A rare Scottish outing for the great singer, Mali’s Salif Keita. From the colourful Afro-pop of his early career, to the reflective, acoustic sound of the past decade, he confronts prejudice and celebrates his faith with quietly powerful songs and an agile, gleaming voice.
Old Fruitmarket, Glasgow, Fri 1 Feb.
Le Mystere des Voix Bulgares
A startling transmission from behind the Iron Curtain, 1986’s Le Mystere des Voix Bulgares introduced Western listeners to the starkly beautiful, near supernatural sound of the Bulgarian State Radio and Television Choir.
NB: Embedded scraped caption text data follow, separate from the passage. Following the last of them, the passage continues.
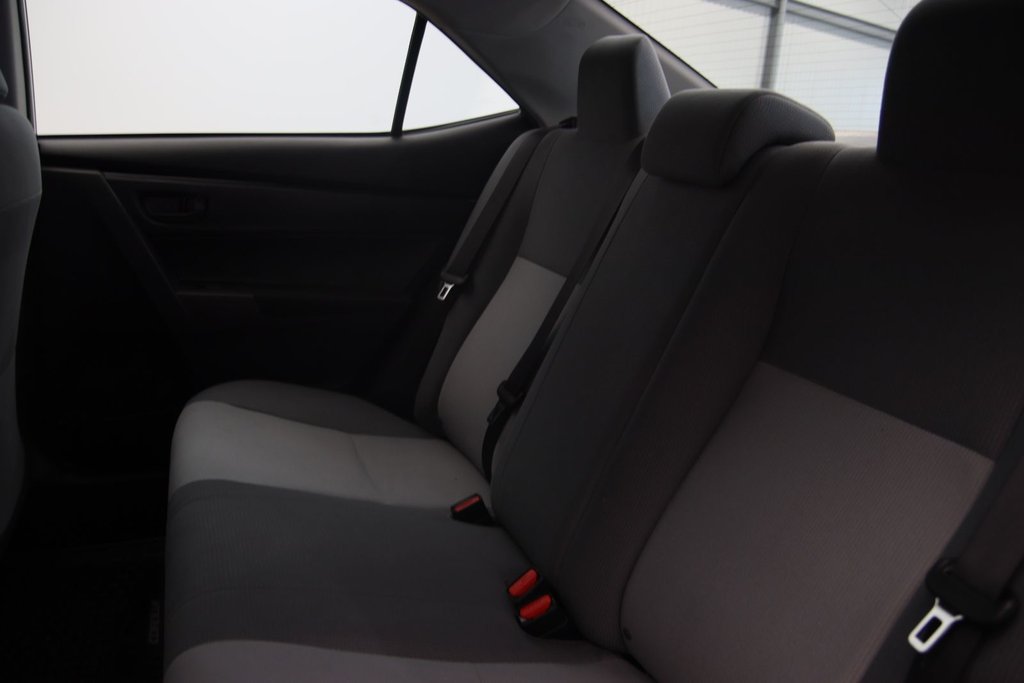 Toyota Corolla  2018 à Jonquière, Québec - 9 - w1024h768px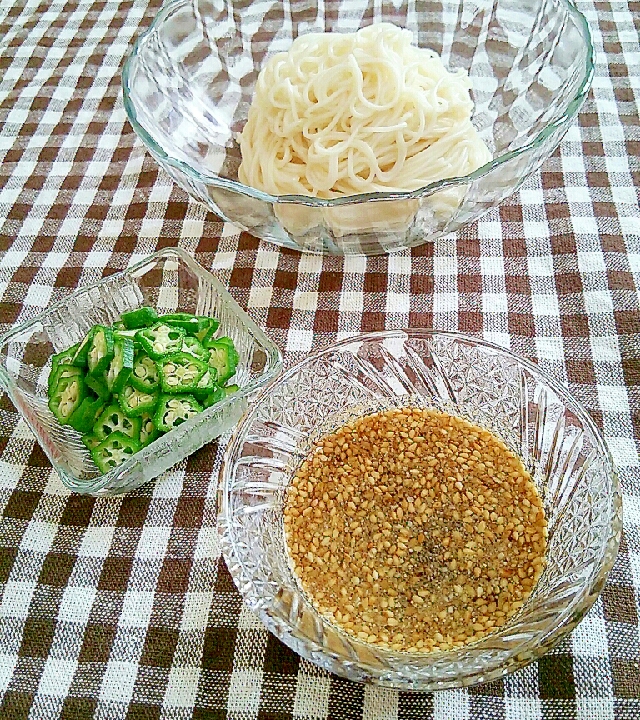 つゆアレンジ ごまオクラそうめん レシピ 作り方 By あ ち0024 楽天レシピ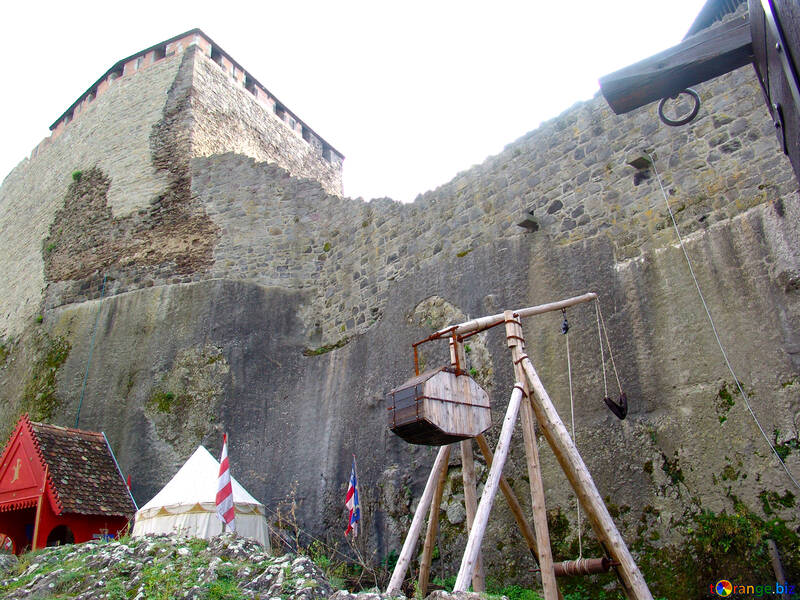 An ancient catapult №31789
As with Gaelic psalms, the clear, open voices and dissonant diaphonic harmonies create a sublime power.
Kelvingrove Art Gallery & Museum, Glasgow, Fri 24 Jan.
A showcase of Mali’s vibrant contemporary music scene, featuring the hypnotic desert-blues, gnarled guitars and ecstatic ululations of Tuareg band Tamikrest, ngoni innovators Bassekou Kouyaté and Ngoni Ba, plus the beautiful songhai folk-blues of Sidi Toure – exiled by fundamentalists.
Royal Concert Hall, Glasgow, Sun 27 Jan.
The vibraphonist makes a welcome return after last year’s unforgettable Platform show. Mellow yet otherworldly, he blends traditional Ethiopian music with jazz, funk and Latin influences, and his superb band of British jazzers add wildcard flourishes to the sensuous grooves.
Old Fruitmarket (with Lucas Santtana), Glasgow, Sun 20 Jan.
Kinshasa Succursale and Konono No. 1
Bring it on. Raised in Belgium, the loquacious rapper returned to his native Congo for 2011’s Kinshasa Succursale, spitting rhymes over the distorted kalimbas of the mighty Konono No. 1 and weaving words around vintage soukous and rumba grooves.
O2 ABC (with Lek Sen), Glasgow, Sat 26 Jan.